Processing of a sauna log

The standard method of impregnation with an antiseptic involves working with a brush or spray. Working with a brush is more difficult and takes longer. However, it is indispensable in some cases, for example, when a certain area cannot be properly coated with a sprayer. Every 2-3 hours it is recommended to change the brush to a new one.

Impregnation with a spray gun is considered to be of higher quality and, which is absolutely certain, is carried out much faster.

In some cases, alternative methods of processing wooden structures are appropriate:

  1. Method of immersing wood in a container with an antiseptic agent. This approach guarantees impregnation of even the most difficult to reach areas of the structure.
  2. The diffuse (dry) method of treating with an antiseptic drug involves applying a paste or powder substance to the surface.

Before you begin to impregnate the log house, it must be cleared of all kinds of blockages. A vacuum cleaner is suitable for this purpose. Then the surface must be thoroughly dried.

The compositions are applied in the following sequence:

  • means for protection against fungus and moisture;
  • impregnation against insect pests;
  • fire-fighting agent (fire retardant).

After finishing surface treatment with antiseptics, it is recommended to apply a gel or primer. However, we must not forget about the basic rule: the material must be breathable.

If everything is done in accordance with the technology, then subsequent impregnations are done no earlier than three years later. Some compositions last up to five years.

Processing of a log house begins with fire-retardant impregnation; fire retardants are used for this. A good option is to use Neomid 530, which is used as a reliable means against wood fire.

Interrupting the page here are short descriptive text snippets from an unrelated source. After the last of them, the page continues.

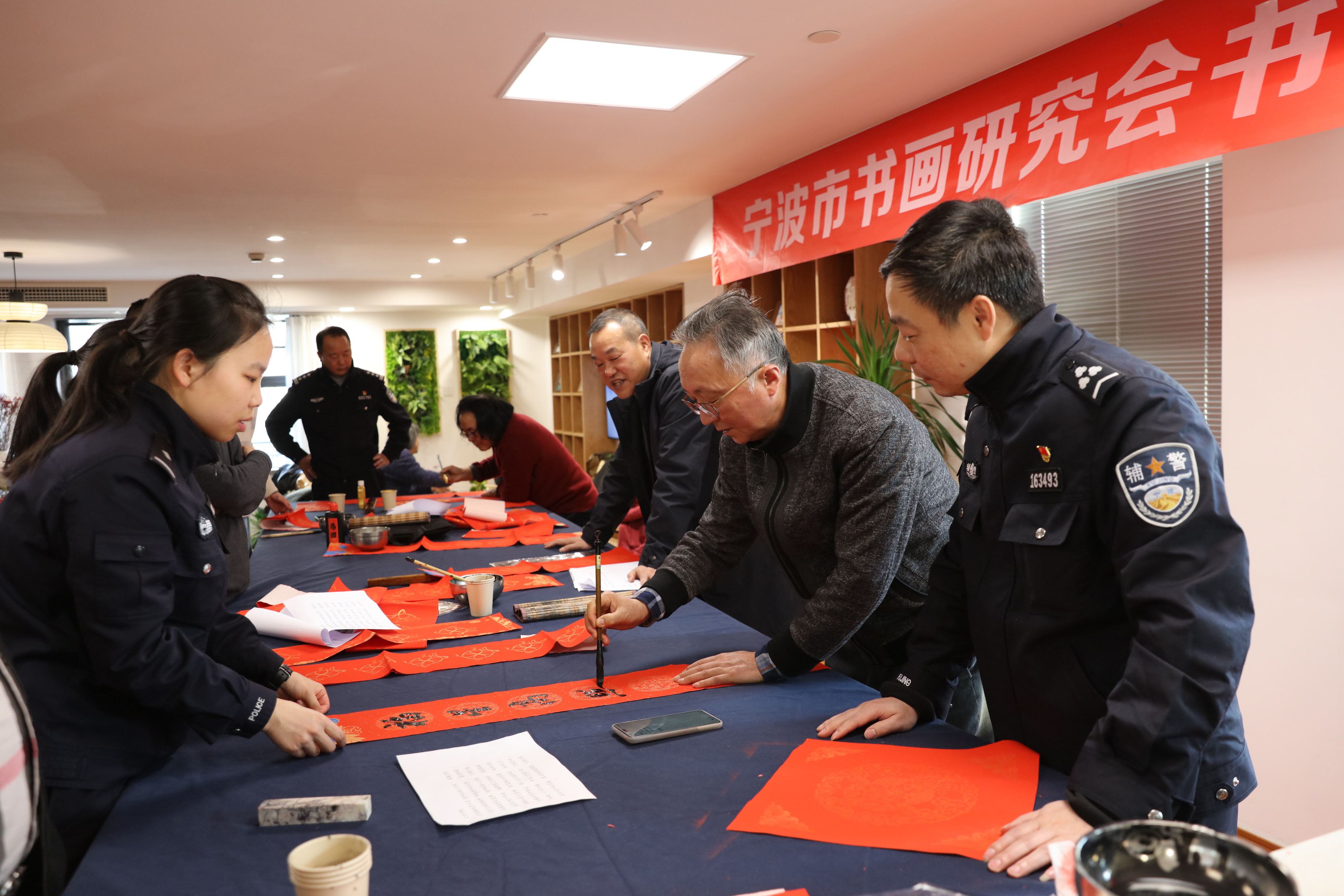 1月25日下午,宁波书画研究会的李羡唐,陆爱国,朱秀平,邓长青,朱国威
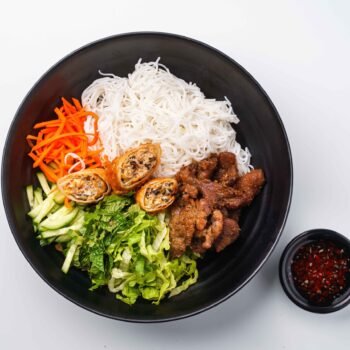 Your choice of Beef, Chicken or & Spring Roll Vermicelli Bowl (Per person)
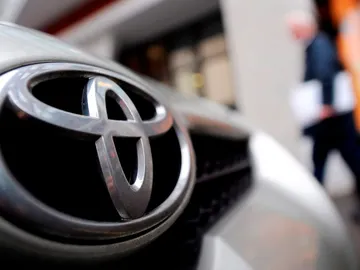 Toyota reabre sus concesionarios Toyota reabre sus concesionarios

Although modern antiseptics can also protect wood from burning, so you can choose a universal option. They will protect your home from various fungi and insects. In addition, antiseptics repel moisture, so even with the initial treatment of a log house with an antiseptic, it will no longer be afraid of atmospheric phenomena.

For example, fire-retardant antiseptic impregnation Pirilax - Classic for wood. It will provide protection from fire, mold, blue stains, and insects. Paint and varnish coatings can be applied on top.

Among domestic manufacturers, the most popular antiseptic is Neomid 400, intended for use inside the house, it protects wood for up to 25 years. Environmentally friendly, specially designed for treating residential premises. For outdoor work you can use Neomid 440. But “Neomid 450” has additional fire protection.

And if you want to give your wood maximum protection, you can use Neomid 430, it is used for both external and internal work. It is even used to treat piers where wood is in direct contact with water. According to the instructions, increased protection will be provided for up to 35 years.

Among the imported options, you can choose Tikkurila Valtti Color, (Tikkurila Valtti Color Satin, Tikkurila Valtti Color Extra, Tikkurila Valtti Akvacolor) this is a glazing, colorable antiseptic produced by a Finnish company, it not only protects the wood but also gives a wonderful shade. The range of colors is very large.

Tikkurila Vinha – Covering semi-matte antiseptic that keeps the wood structure visible.

Tikkurila Valtti-Pohjuste is an antiseptic primer that protects wood and prepares it for painting.

If you want the structure of the wood to be visible, you can use a colorable antiseptic; it will give your log a wonderful shade. In the future, you can coat the frame with varnish. Well, if you paint the house, use an antiseptic primer, then the paint will adhere more reliably to the log.

For painting, it is better to use water-soluble dyes, then the wood will be able to breathe freely, and the paint and antiseptics will protect the wood from atmospheric agents. Tikkurila Ultra, which is used for painting external wooden surfaces, is well suited for these purposes.

Domestic impregnations

Antiseptic Senezh sauna

Purpose – protection against biological parasites (fungus, woodworms, mold, etc.), as well as hygienic (antimicrobial) prevention. This antiseptic is designed specifically for use in conditions of high temperatures and humidity. Apply with a wide brush, short-haired roller or spray in 2-3 layers.

What is covered are wooden surfaces that are not in contact with humans (walls, ceilings, doors - just places covered with clapboard).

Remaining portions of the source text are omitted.